Precious Smile

Aomine Daiki x Kochiya Sanae fanfiction

genre : Romance/Drama

Kuroko no Basuke (c) Fujimaki Tadatoshi

Touhou Project (c) ZUN

Precious Smile (c) Winechii

Warning : kata-katanya mungkin ada yang ganjil dan tidak sesuai dengan kaidah yang sering diajarkan oleh guru bahasa Indonesia saya di sekolah, dan mungkin ada typo yang telah lepas dari pengawasan saya. OOC.


Gadis bersurai hijau itu berlari di antara lorong sekolah.

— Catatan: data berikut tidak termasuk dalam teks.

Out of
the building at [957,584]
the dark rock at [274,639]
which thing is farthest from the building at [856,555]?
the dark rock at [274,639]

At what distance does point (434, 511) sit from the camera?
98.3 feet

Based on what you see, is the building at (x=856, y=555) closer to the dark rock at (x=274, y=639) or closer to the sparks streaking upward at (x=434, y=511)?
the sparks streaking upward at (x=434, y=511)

Air mata terus menerus keluar dari kedua matanya. Entah berapa kali hal ini kerap terjadi. "Apa salahku?". Sanae bertanya-tanya dalam hatinya.

Dengan kasar, ia membuka pintu atap sekolah. Hanya tempat ini lah yang bisa membuatnya tenang.

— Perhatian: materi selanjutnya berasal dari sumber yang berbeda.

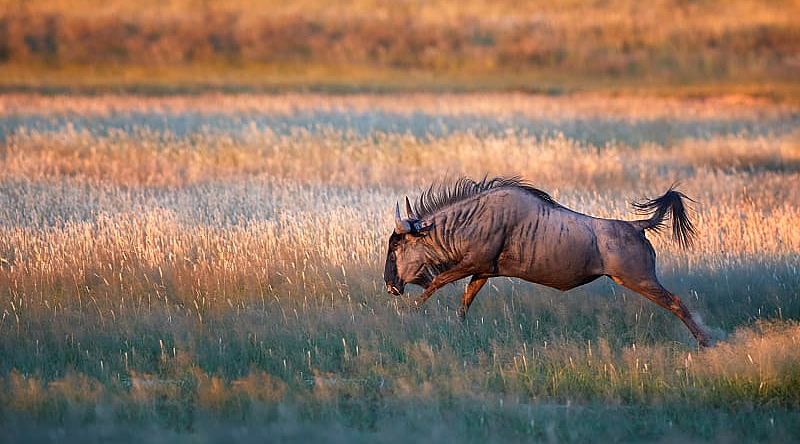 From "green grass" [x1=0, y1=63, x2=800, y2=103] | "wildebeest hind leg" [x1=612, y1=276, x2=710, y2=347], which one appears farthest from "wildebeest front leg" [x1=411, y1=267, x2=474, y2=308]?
"green grass" [x1=0, y1=63, x2=800, y2=103]

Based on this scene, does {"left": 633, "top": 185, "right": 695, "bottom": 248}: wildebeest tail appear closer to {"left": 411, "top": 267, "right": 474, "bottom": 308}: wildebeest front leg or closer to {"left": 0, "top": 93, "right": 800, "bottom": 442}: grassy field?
{"left": 0, "top": 93, "right": 800, "bottom": 442}: grassy field

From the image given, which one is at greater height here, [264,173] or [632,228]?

Ia terduduk. Tangannya mencengkram erat pagar pembatas di atap itu. Dengan leluasa, Sanae menumpahkan semuanya.

"Berisik sekali." Suara bariton itu membuat Sanae terhenyak. Ada orang disini.

"S-Siapa?" dengan terisak Sanae bertanya.

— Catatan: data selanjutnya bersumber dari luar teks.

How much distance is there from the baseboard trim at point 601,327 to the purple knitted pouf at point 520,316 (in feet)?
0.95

"Hei, kau sedang apa disitu? Berisik sekali. Aku tak bisa tidur dengan tenang tau." Suara bariton itu mengacuhkan pertanyaan Sanae. Gadis itu tak merespon, hanya air mata yang terlihat di pelupuk matanya.

Bariton tercengang, "O-oi, kau manangis?".

Sanae tak berkata apa pun. Masih menangis.

Lelaki bersuara bariton itu terlihat kebingungan. Ia membalikkan badan lalu mengeluarkan ponselnya, menelepon seseorang.

"S-Satsuki.. Kau tau bagaimana caranya menghentikan gadis yang menangis?"

Orang yang berada di sebrang telpon itu tiba-tiba mengeluarkan nada tinggi, "Kau bikin gara-gara apalagi sih, Dai-chan?! Kemarin kau sudah dipanggil guru dua kali, DUA KALI! Kalau sekarang kau dipanggil lagi aku tak mau membantumu!"

—Tuut, tuut, tuut.

"Cih, Satsuki teme! Ditutup lagi."

Rasanya Sanae ingin sekali tertawa.

.

.

.

"Aku Aomine Daiki." Lelaki bersuara bariton itu memperkenalkan dirinya. Hari ini mereka tak sengaja bertemu lagi di atap sekolah—Daiki yang sedang tidur siang, dan Sanae yang menangis.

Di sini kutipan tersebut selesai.